There has been no shortage of other air-breathing hypersonic weapon programs within the Department of Defense in recent years that the Navy could seek to leverage, as well. This includes a U.S.-Australian partnership, again related to the development of an air-launched hypersonic missile that would be compatible with the F/A-18E/F design, and the Defense Advanced Research Projects Agency’s (DARPA) Hypersonic Air-breathing Weapon Concept (HAWC) project. HAWC, which the Air Force is also participating in, is supposed to be a stepping stone to that service’s Hypersonic Attack Cruise Missile (HACM) program, which it hopes will produce an operational weapon in the 2027 timeframe.
The Navy’s Fiscal Year 2023 budget proposal does not name any specific desired launch platforms for HALO, but it would seem that it is most interested in integrating this weapon first on its Super Hornets based on its past work. This missile could eventually be integrated onto other Navy aircraft, such as the F-35C Joint Strike Fighter, but the design could easily be too large to fit inside that aircraft’s internal weapons bays. Lockheed Martin has previously released artwork of an F-35C carrying a missile based on its HAWC design externally, which would negatively impact the jet’s stealthy characteristics.
In addition, while the Navy’s immediate goal is clearly to acquire hypersonic anti-ship cruise missile, it is very possible that the final HALO design could also have a land-attack capability. It’s worth noting that the Navy is separately working to acquire a service-specific subvariant of the AGM-158C, the AGM-158C-3, that will blend LRASM’s capabilities with those of the latest versions of its parent design, the AGM-158 Joint Air-to-Surface Standoff Missile (JASSM), and subsequently be able to strike targets on land, as well as ashore.
Regardless, the Navy’s 2023 Fiscal Year budget proposal makes it clear that the service views HALO as essential to assuring its ability to conduct aerial stand-off strikes at extended ranges against major threats in highly contested environments in any future high-end conflict.

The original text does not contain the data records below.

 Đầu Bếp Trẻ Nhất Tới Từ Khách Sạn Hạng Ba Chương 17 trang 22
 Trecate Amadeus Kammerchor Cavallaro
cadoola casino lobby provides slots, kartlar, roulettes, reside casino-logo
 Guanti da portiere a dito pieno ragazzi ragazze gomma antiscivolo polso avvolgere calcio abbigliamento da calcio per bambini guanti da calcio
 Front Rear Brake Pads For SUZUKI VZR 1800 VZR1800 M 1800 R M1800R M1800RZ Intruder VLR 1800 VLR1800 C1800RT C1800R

Though the budget documents do not specifically name the “evolving near-peer threat capability” that driving the Navy to field this weapon within the next six years, Russia claims to be working toward fielding its own ship-launched air-breathing hypersonic cruise missile, the Zircon. China is pushing ahead in its own development and fielding of high-speed anti-ship cruise missiles and anti-ship ballistic missiles.

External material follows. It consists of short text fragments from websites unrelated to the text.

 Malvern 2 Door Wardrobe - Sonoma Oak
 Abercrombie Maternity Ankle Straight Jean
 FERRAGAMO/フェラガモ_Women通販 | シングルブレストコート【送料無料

HALO is just the latest addition to the Navy’s plans to field various hypersonic missiles of various types within the next decade. This includes the Intermediate-Range Conventional Prompt Strike (IRCPS) missile, which the service is developing together with the Army and that carries an unpowered hypersonic boost-glide vehicle, and the Standard Missile 6 (SM-6) Block IB. IRCPS, which the Navy hopes to deploy first in 2025 on its Zumwalt class stealth destroyers, is intended primarily as a way to strike high-value, heavily defended, and potentially time-sensitive targets ashore. The Navy hopes to field the SM-6 Block IB, a multi-purpose weapon that will be capable of engaging various targets at sea, on land, and in the air, as a new weapon for various classes of ships and submarines in 2027.
With the Navy now aiming for an aggressive development schedule for the air-launched HALO missile, it could potentially have three different new hypersonic missiles in service by the end of the decade.